Dennoch kommt die Ausstellung, die man Impressionismus-Fans rückhaltlos empfehlen kann, nicht im Modus eines „Blockbusters“ daher.
Als Gastspiel des Museums Langmatt in Baden nahe Zürich (CH), das wegen einer Generalsanierung bis 2026 schließen muss und seine Schätze nach Lausanne, Köln und nun Wien schickte, ist die Schau viel eher eine Zeitkapsel. Anders als spätere Impressionismus-Sammler, deren Bestände in Museen endeten (Batliner in Wien, Corboud in Köln), kauften Sidney und Jenny Brown ihre Bilder nämlich bereits um 1900, als die Kunstrichtung teils noch sehr kritisch beäugt wurde. Die „Villa Langmatt“, in der das Ehepaar mit den Werken lebte, entstand als Jugendstil-Juwel, vergleichbar mit jenen Häusern, die sich Wiens fortschrittliche Elite etwa auf der Hohen Warte bauen ließ.

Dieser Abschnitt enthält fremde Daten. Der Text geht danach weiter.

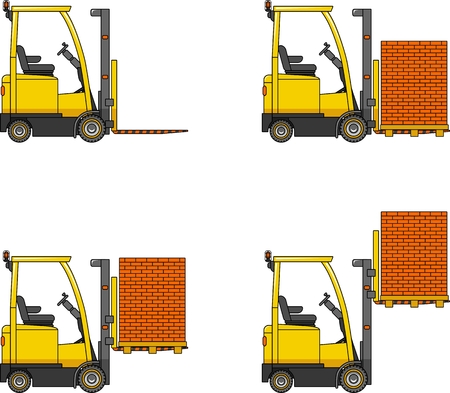 Detailed illustration of forklifts, heavy equipment and machineryのイラスト素材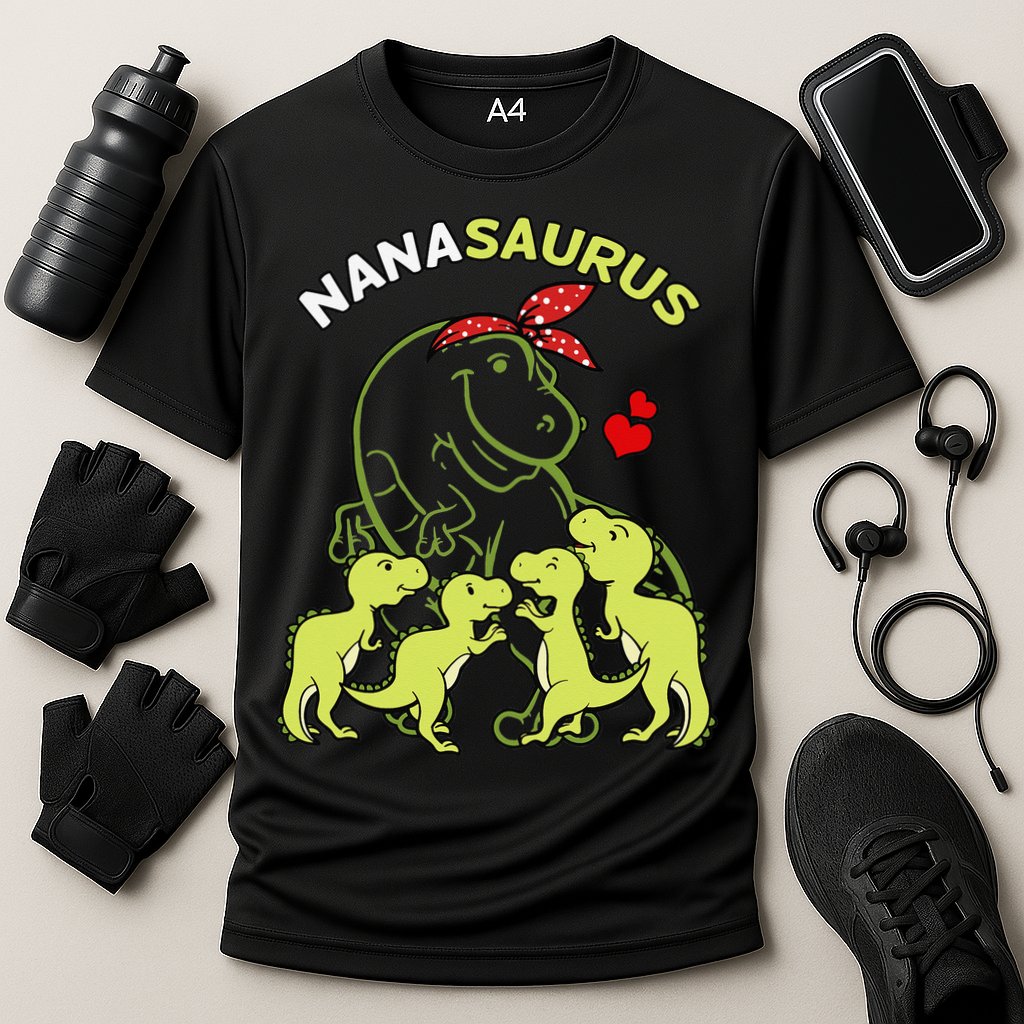 Nanasaurus Nana 4  Dinosaur Mother's Day Performance Shirt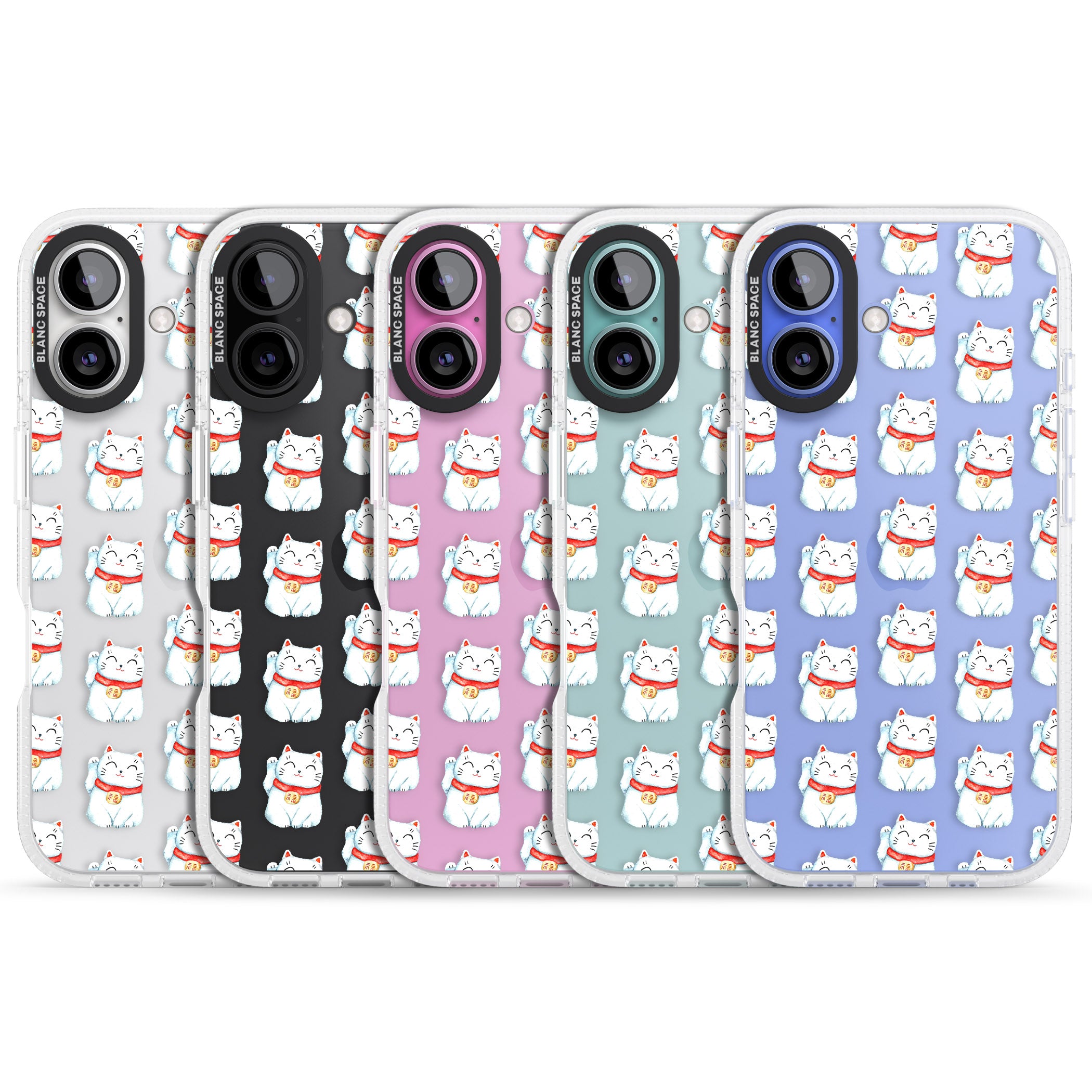 Lucky Cat Maneki-Neko Japanese Pattern iPhone 16 / 16 Plus Clear Case Impact Air - Blanc Space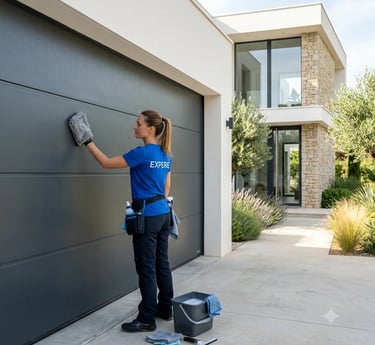 Nettoyage porte de garage vitres et panneaux solaires à Ornex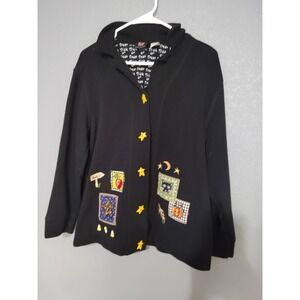 Vintage Halloween Sweater Black Cat Women's Large Onque Casuals Cardigan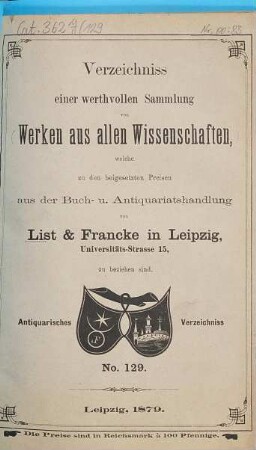 Lager-Verzeichnis, 129. 1879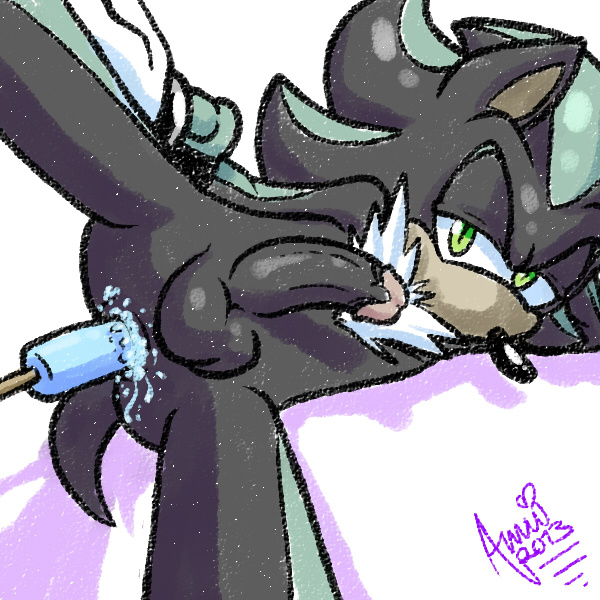 mephiles the dark, sega, sonic (series), white background, anal, anal sex, anthro, anus, ass, balls, chest tuft, cum, cum in ass, cum inside, green eyes, hedgehog, humanoid penis, male, male only, no humans, penetration, penis, plain background, sex, solo, spread legs, spreading, 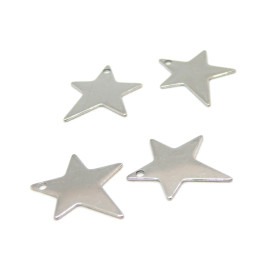 BU160418104135 PAX 4 Pendentifs Etoile Asymétrique 20mm en Acier Inoxydable coloris Argent pour bijoux raffinés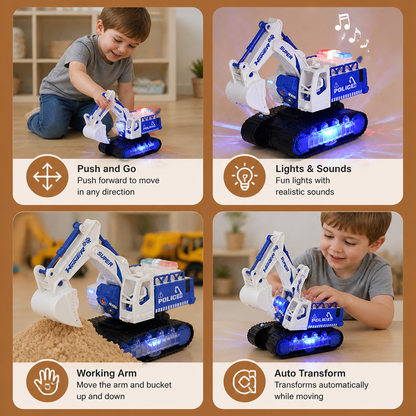 Transforming Police Robot Excavator Toy with Lights & Sounds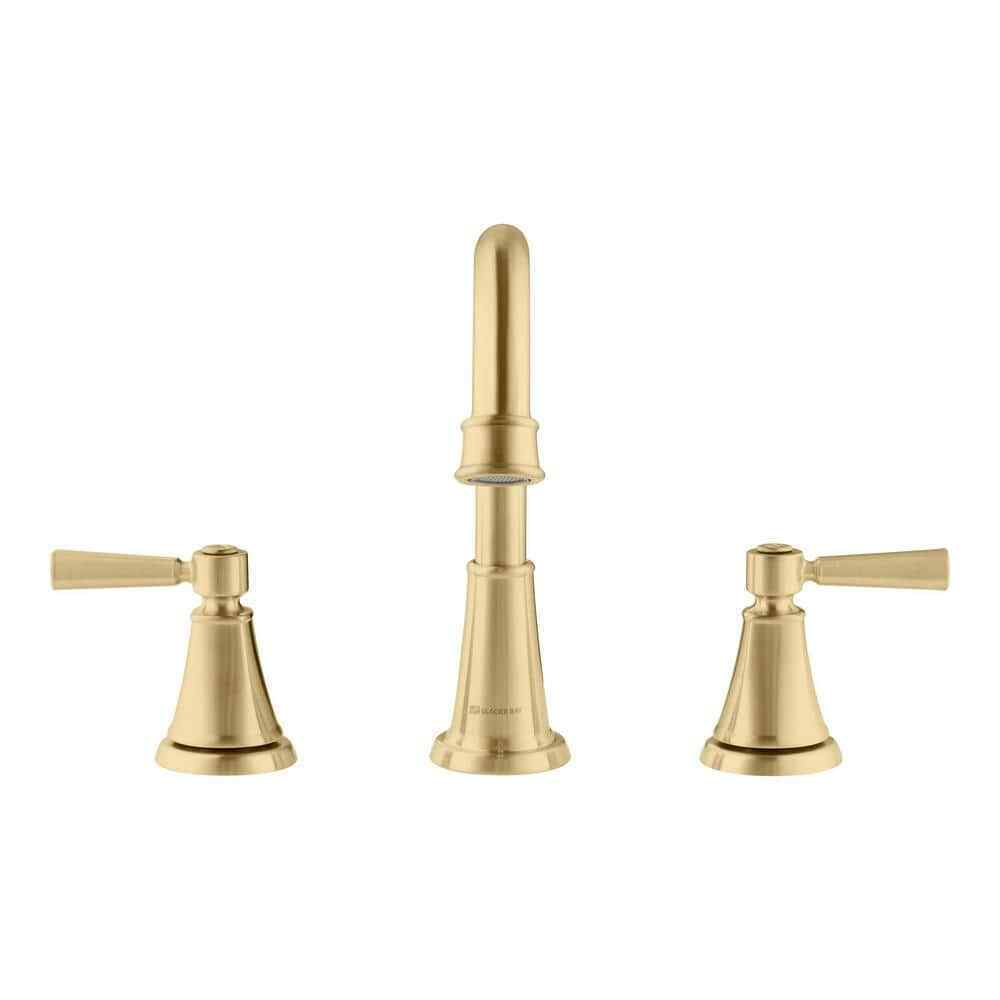Glacier Bay Melina 8 in. Widespread 2-Handle High-Arc Bathroom Faucet Matte Gold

Entlang einer Ausstellungsarchitektur, die Retro-Kunstsalon-Feeling mit zeitgemäßem Flair verbindet, erfahren Besucherinnen und Besucher in Wien viel über die Sammler, ihre Lebensweise und ihre Vorlieben. Sidney Brown, der in dem von seinem Bruder Charles begründeten Unternehmen Brown, Boveri & Cie (heute: ABB) arbeitete, war gewissermaßen Start-up-Unternehmer und ein Profiteur der Energiewende – lieferte das Unternehmen doch die essenziellen Bauteile zur Stromerzeugung und für elektrische Lokomotiven.
Oppenheimer-Porträts
Ähnlich wie das nahe Wien ansässige, durch Elektrotechnik zu Wohlstand gelangte Paar Hugo Koller und Broncia Koller-Pinell, das sich als Förderer Egon Schieles hervortat, suchte sich auch das Ehepaar Brown durch einen fortschrittlichen Kunstgeschmack zu differenzieren. Man orientierte sich also nach Frankreich – doch auch der aus Wien stammende Max Oppenheimer wurde geschätzt, wie zwei Porträts, die der Maler von dem Paar anfertigte, in der Schau zeigen.
Privat, öffentlich
Anders als viele österreichische Mäzene blieb die Familie Brown vom NS-Terror verschont. Die Sammlung blieb aber ein privat gehüteter Schatz, bis ein Sohn des Paares 1987 starb und testamentarisch die Überführung der Villa und der Kunstbestände in ein Museum verfügte.
Die dringend nötige Sanierung wurde 2023 ermöglicht, indem die Stiftung einige Werke verkaufte – und die Badener Bevölkerung mit fast 80 Prozent dafür stimmte, zehn Millionen Schweizer Franken zuzuschießen. Das Wien-Gastspiel lässt sich somit auch als Lehrstück für die Wertschätzung von Kunst und Mäzenatentum durch die breite Bevölkerung verstehen.